And the poor have the sufferings to which they are fairly accustomed
And each in the cell of himself is almost convinced of his freedom
from In Memory of W. B. Yeats by W. H. Auden
Wander the towns of America,
are you free?
I asked this of a woman in the Dollar Tree parking lot
which had been wilting under the sticky Cleveland heat for weeks.
My head was a donut just out of the fryer.
She barely looked my direction as she gathered small children
set them right in the cart, tied a shoe, patted her purse.
Her hair needed a wash.
With a heave, she drove the cart, rusty and listing to the right,
up the ramp. The door opened out
and I watched as she maneuvered through
with a hard twist of her shoulder and a quick two-wristed shove.
But what I want to know, ma’am, is
are you free?
She turned on me then.
Her eyes were broken bottles
against a backdrop of painted bridges,
blackened three times and counting, and held enough hope
to kill a man.
The sound she made wasn’t a laugh
or a cry, it was the sound
of supper time forks clattering
but not enough vegetables or meat.
It echoed with the resolve to save beloved children
from war and the knowing that you will fail.
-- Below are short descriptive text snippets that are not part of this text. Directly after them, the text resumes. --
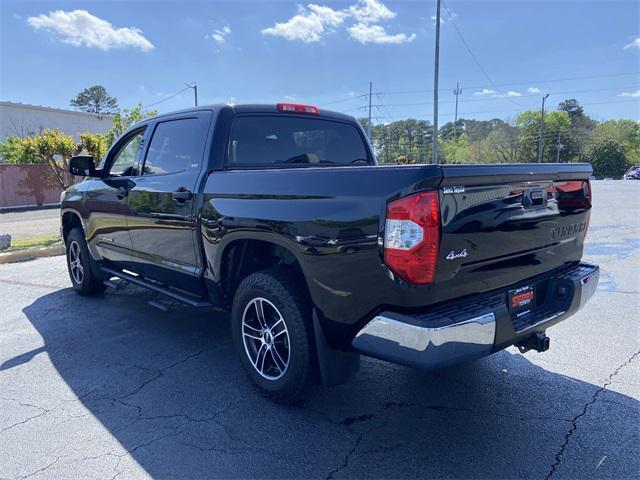 used 2019 Toyota Tundra car, priced at $18,400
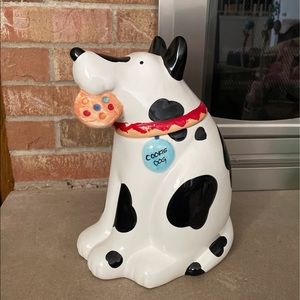 Coco Dowley cookie jar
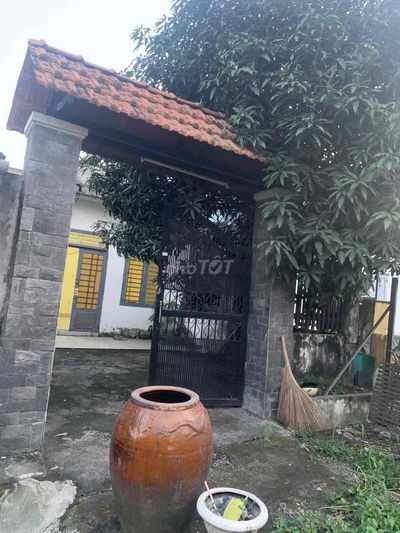 🏠 Nhà cấp 4 TX52 – 5.6x25m – hẻm xe hơi thông – SHR
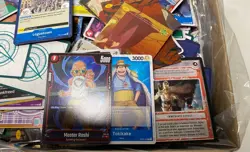 Miscellaneous Trading Card Bundle (2000 Plus Cards) - Image 3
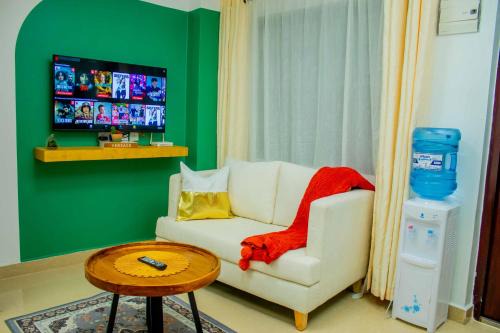The Stadeview in Nairobi West by The Manna Stays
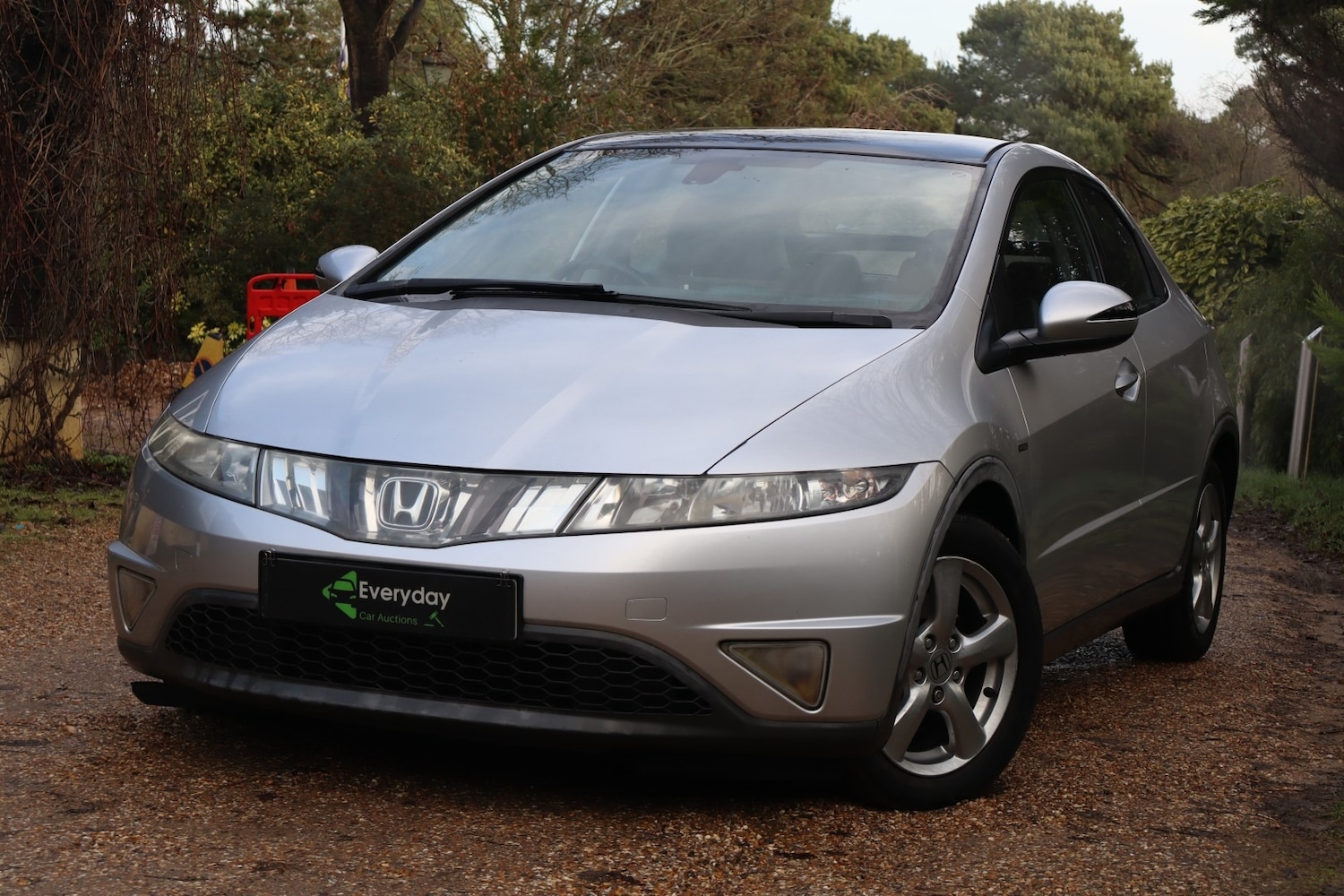 Used Honda Civic 2006 for sale - 77391988: Photo 2
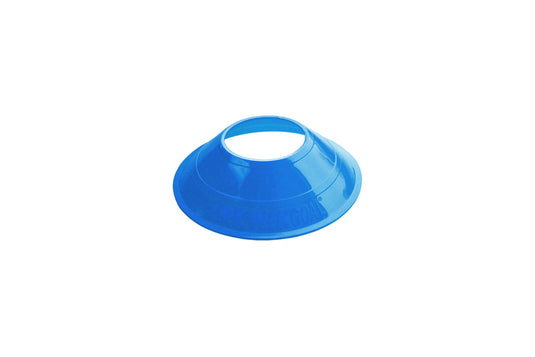 KwikGoal Pack of 25 Mini Disc Cones Orange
It was blood and spit, looking your enemy right in the eye.
It rang with the hammer beat of labor camps and the slow seep
of gas oven deaths.
Without one word, she spoke of children who aren’t safe
even in their own homes,
held all the too-early deaths
of the falsely accused
and unjustly persecuted.
It sang from a hymnal clutched in rosary hands
passing baskets of money. It held up choir boys forever changed,
and looked down upon televangelists just in it for
private jets and swimming pools, amen.
It broke her heart.
It shouted poor is bad and I will kill you for that,
one way or another.
Her voice was heavy smoke, rising right there in Aisle Four
between the Pringles and five dollar frying pans,
and it threatened to burn the place down.
And then it was gone and in its place, a soft breeze.
She patted a startled child on the head, smoothed his porcupine hair.
We have never been free, she said, sliding
a box of Strawberry Frosted Pop-Tarts in the thin space between
a son and a daughter, you just like to think we are.